Et tous ces mercenaires de la cybersurveillance se perfectionnent de plus en plus, ce qui fait “qu’il y aura très probablement dans cinq ans des dizaines d’entreprises qui offriront le même niveau de services que NSO”, estime Bastien Bobe.

Le risque sera alors que ces logiciels espions très puissants, actuellement réservés à des services de renseignement étatiques, se retrouvent entre les mains de cybercriminels ordinaires. “On constate souvent que les armes cyber utilisés par les États se retrouvent in fine en vente sur le marché noir de la cybercriminalité”, rappelle Philippe Rondel.

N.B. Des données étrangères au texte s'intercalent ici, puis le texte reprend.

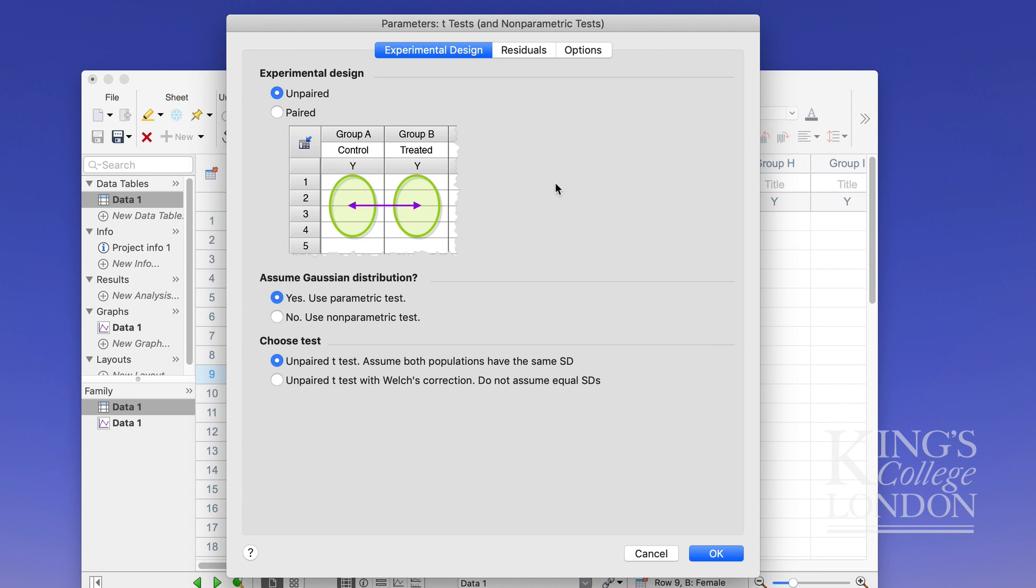The next choice box allows you to decide whether you want your data paired or unpaired. Well clearly this example is using male and female data and therefore the results cannot be paired.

C’est pourquoi il est urgent, d’après Pierre Delcher de Kaspersky, de “réglementer davantage le commerce et l’exportation de ces logiciels afin de mieux contrôler ce secteur”.  Qui sait ce qu’un groupe de cybercriminels pourrait faire comme dégâts s’il mettait la main sur une arme du calibre de Pegasus, capable de siphonner en toute discrétion des informations personnelles de n’importe quel téléphone.